Несомненно, здоровые и бодрые юноши и девушки догадались бы обо всем этом после ряда тяжелых конфликтов, если бы в их сознание не были заложены понятия брака и отождествления сексуальности с продолжением рода. Такие понятия не были врожденными, но их нельзя было вытравить из идеологии общества.
3. Необходимые структурные предпосылки.
Подведем итоги:
1. Семейная ситуация примерно 1900 г. была довольно простой. Люди замкнуто жили в своих семьях. Не было коллектива, выдвигавшего требования, которые противоречили бы как семейной ситуации, так и семейной структуре человека.
Семья не противоречила и общественному строю государства, основанного на патриархальных и авторитарных началах. Угнетенная сексуальность получала выход только в истериках, ожесточении и огрублении характеров, посещении проституток, половых извращениях, самоубийствах, жестоком обращении с детьми и фанатическом поведении мелких буржуа во время войны.

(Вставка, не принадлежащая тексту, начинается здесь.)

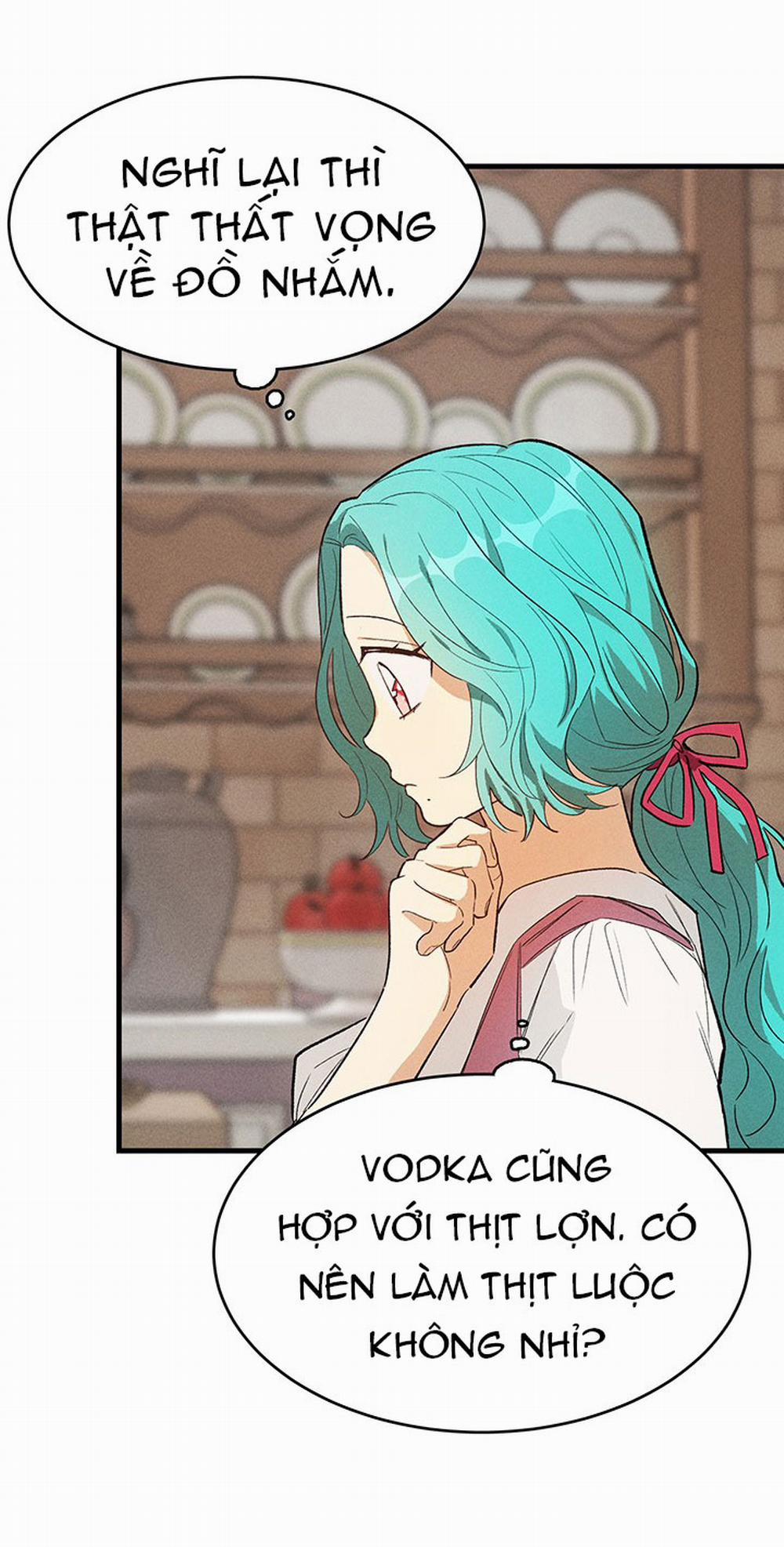 Nữ Đầu Bếp Hoàng Gia 42 trang 15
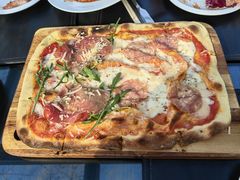 特制玛格丽特披萨-EATALIA意塔利意式餐厅(鼓楼店)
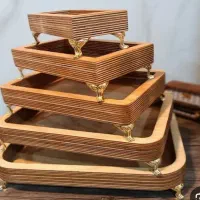 سینی سرو ۵ تیکه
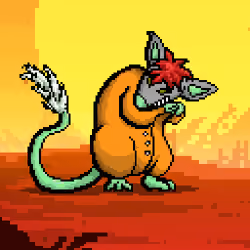Pixelrat #1982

В 1930 г. ситуация была уже сложнее. Происходил распад принудительной семьи, принявший форму противоречия между производством, основанным на коллективистских принципах, и уничтожением экономического базиса семьи. Институт семьи лишь в редких случаях имел экономическое значение, но тем крепче он становился в структурном отношении. Он не мог ни жить, ни умереть. Люди не могли больше жить в семье, но не могли жить и без нее.

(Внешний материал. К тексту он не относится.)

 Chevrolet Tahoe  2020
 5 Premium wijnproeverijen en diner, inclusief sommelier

Они не могли жить длительное время с одним партнером, как не могли жить и одни.
2. В Советском Союзе рождена новая форма семьи, представляющая собой коллектив людей, не связанных друг с другом родственными узами. Такой коллектив исключает прежний институт брака. С неизбежностью возникает вопрос о том, как в таком сообществе будут развиваться половые отношения. Мы не можем предопределить это развитие, да и не вправе делать это.
Единственное, что мы можем сделать, это внимательно наблюдать за процессом коренных преобразований, который представляет собой современная сексуальная революция, и помочь родиться тому направлению, которое ни в коей мере не противоречит формам экономической и общественной организации, присущим принципам рабочей демократии.
Если сформулировать нашу позицию в самом общем виде, то она такова: ничем не ограниченное положительное отношение к сексуальному счастью людей.